Could you print each entry below verbatim while omitting the pictures?

[Short descriptive text snippets]
━━━━━━━━

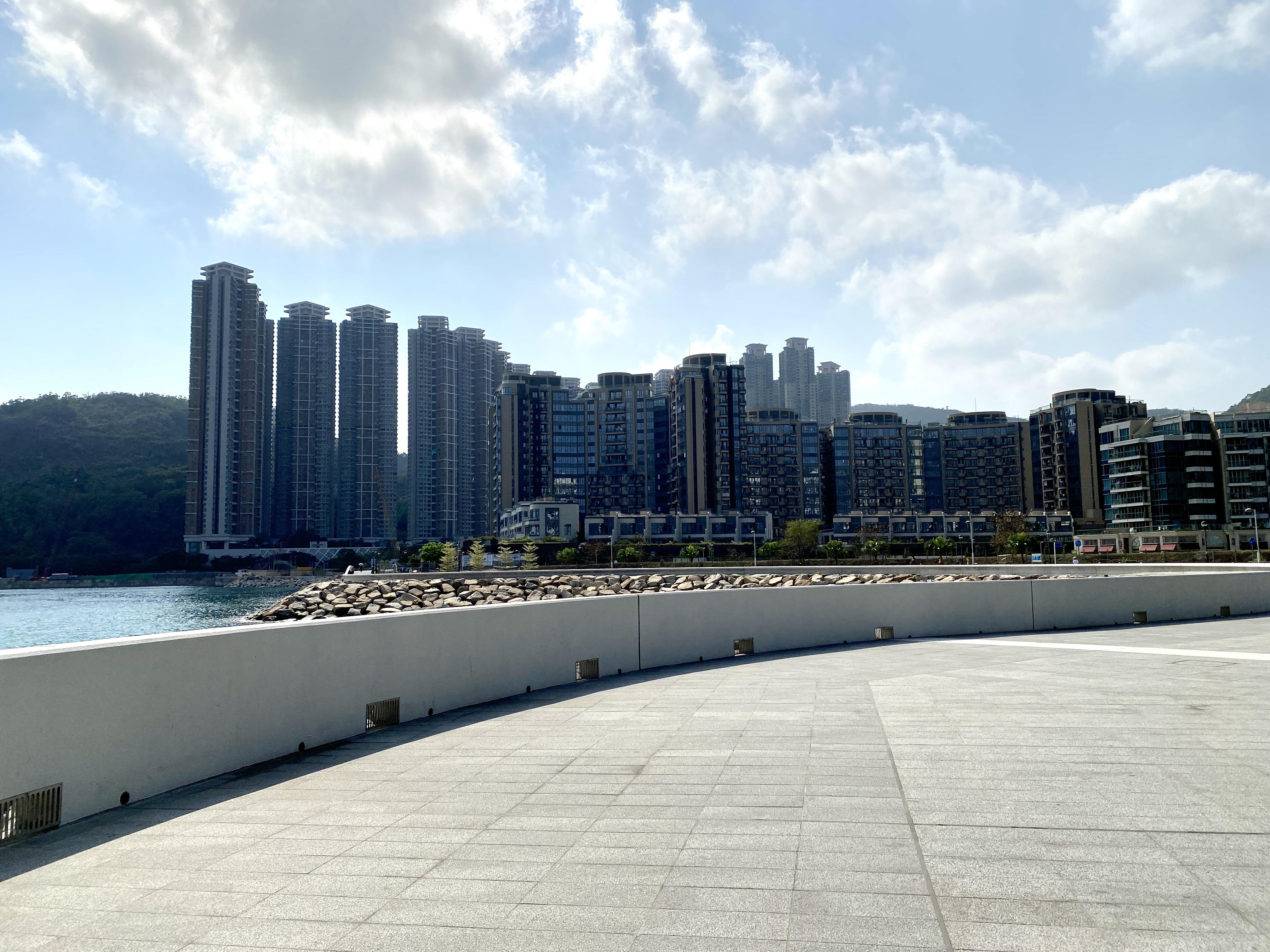 將軍澳海濱公園防浪牆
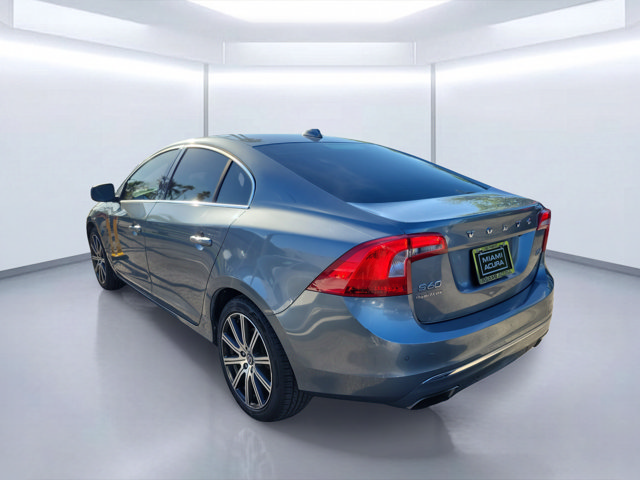 Used 2016 Volvo S60 T5 Inscription Platinum FWD image 3
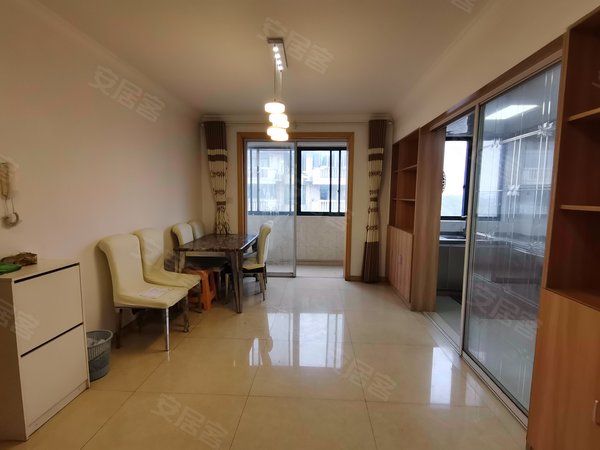 上海奉贤西渡文怡花园地铁口的南北通大三房,精装全配,可办居住证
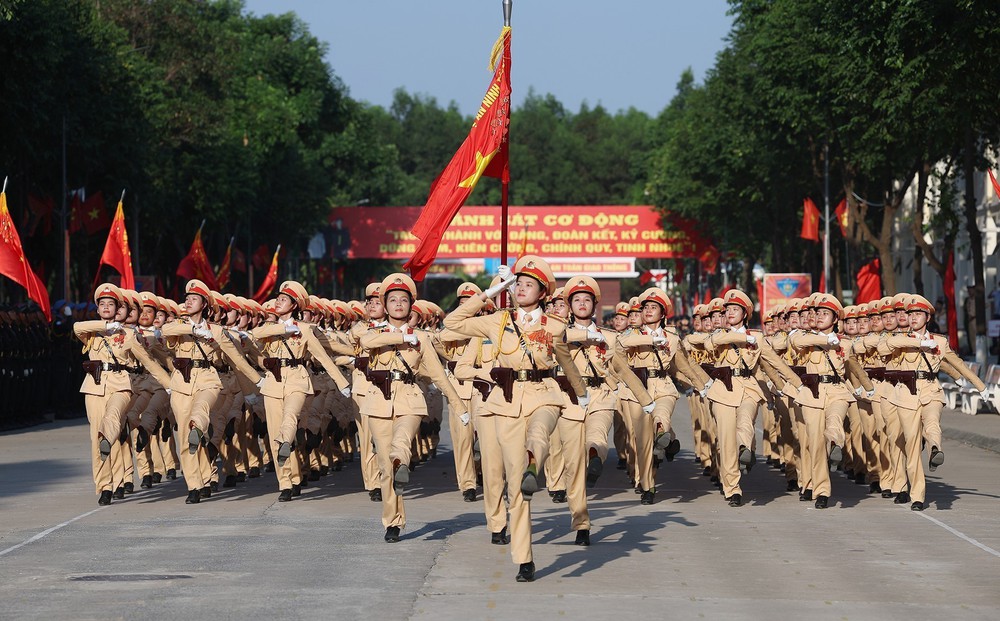 Đại tướng Lương Tam Quang: Anh hùng, bản lĩnh, “tuyệt đối trung thành với Đảng, Tổ quốc và Nhân dân”, “vì nước quên thân, vì dân phục vụ” - Ảnh 2.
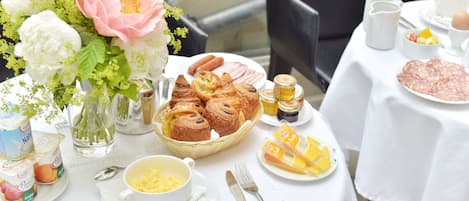 Colazione a buffet, servita tutte le mattine (13 EUR a persona)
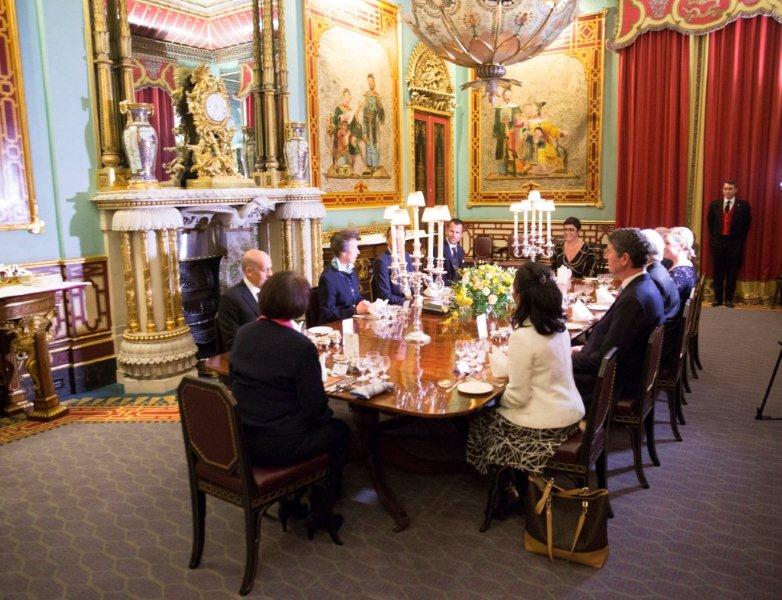 El Dr. Julio Maglione, , en el Palacio de Buckingham (Londres), dialoga con la Princesa Ana de Inglaterra, junto con otros Miembros de la Comisión Robin Mitchell (Fiji) y Stephen Holma (Suecia), Miembros de la Comisión.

━━━━━━━━

## Exercise answer
 將軍澳海濱公園防浪牆
 Used 2016 Volvo S60 T5 Inscription Platinum FWD image 3
 上海奉贤西渡文怡花园地铁口的南北通大三房,精装全配,可办居住证
 Đại tướng Lương Tam Quang: Anh hùng, bản lĩnh, “tuyệt đối trung thành với Đảng, Tổ quốc và Nhân dân”, “vì nước quên thân, vì dân phục vụ” - Ảnh 2.
 Colazione a buffet, servita tutte le mattine (13 EUR a persona)
 El Dr. Julio Maglione, , en el Palacio de Buckingham (Londres), dialoga con la Princesa Ana de Inglaterra, junto con otros Miembros de la Comisión Robin Mitchell (Fiji) y Stephen Holma (Suecia), Miembros de la Comisión.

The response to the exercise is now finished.